Im Anschluss an die Einführung in das Thema wurden die SuS in 4 Gruppen eingeteilt. Jede dieser Gruppen bekam einen Zeitzeugen zugeteilt. Nun konnten sich die Gruppenmitglieder anhand von Steckbriefen über das Leben ihrer Interviewpartner informieren und die ersten Fragen vorbereiten. Schnell bemerkten die meisten SuS, dass die richtigen Fragen sich wohl erst im Gespräch herauskristallisieren werden können.
Im Anschluss führten alle Gruppen selbstständig ein sechzigminütiges Interview mit ihren Zeitzeugen, in welchem sie keine Frage scheuten. An dieser Stelle sei zu sagen, dass die für uns erzählenden Zeitzeugen solche Workshops regelmäßig durchführen und allen SuS ein sehr großes Vertrauen entgegen brachten. An dieser Stelle sei noch einmal vielen Dank gesagt und ein riesiger Respekt gezollt an den Mut und die Kraft, sehr vertrauliche und persönliche Informationen mit uns zu teilen. Für uns SuS war es wirklich eine einzigartige Möglichkeit solche Erfahrungen und Informationen von einer Primärquelle auf diesem Wege erhalten zu können!

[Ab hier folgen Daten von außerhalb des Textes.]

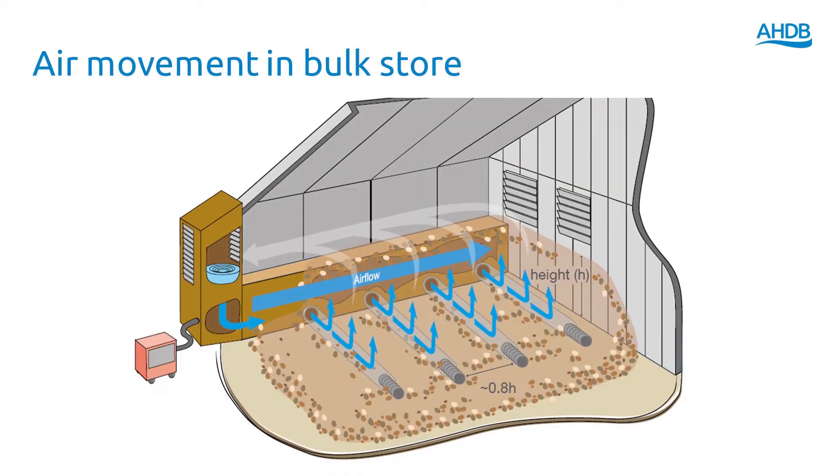One thing to think about when loading stores is how you're going to get the crop dry. Getting air through the crop to remove any moisture has to be number one priority. Set your store up so that you've got air being forced through the potatoes wherever possible and make sure that that drying process continues. Don't use extreme temperatures — try to use air that's at a similar temperature to the potatoes or just a little bit cooler, and that will help us dry the crop without risk of condensation.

Die Zeitzeugen berichteten von ihren ersten Lebensjahren in der DDR, ihren Gründen von der Stasi verfolgt zu werden, den Ereignissen während ihrer Haft sowie dem Leben nach dem Stasi-Gefägnis und der DDR. Dabei kamen viele hochinteressante Dialoge zum Vorschein und wir können sagen, dass die eine Stunde Interview definitiv nicht ausgereicht hat. Vom Sport als roten Faden zum Überleben, einer missglückten Flucht über Ungarn oder Familiendramen und Verrat gab es vieles zu hören und sicher noch weitaus mehr zu erzählen. Es gab auch einen Zeitzeugen, der sein Leben wie einen Pfannkuchen komplett gewendet hat – vom politischen Häftling zum freien, selbstständigen Weltreisenden der mit Knotenkunst sein Geld verdient und genau das macht was er will und lebt.

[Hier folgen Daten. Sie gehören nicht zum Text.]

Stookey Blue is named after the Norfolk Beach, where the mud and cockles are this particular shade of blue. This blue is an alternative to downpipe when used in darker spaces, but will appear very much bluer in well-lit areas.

Wir erfuhren eine Menge neuer Dinge über die Stasi, die DDR sowie deren Umstände und haben auf jeden Fall ein großes Pensum an Lebenserfahrung gewinnen können. Uns ist deutlich klar geworden, welches Glück wir mit unserer heutigen Staatsform und dem Lebensstandard in Deutschland haben und dass die Umstände aus der DDR nie wieder so vorhanden sein sollten – auch wenn man dies nicht komplett ausschließen kann.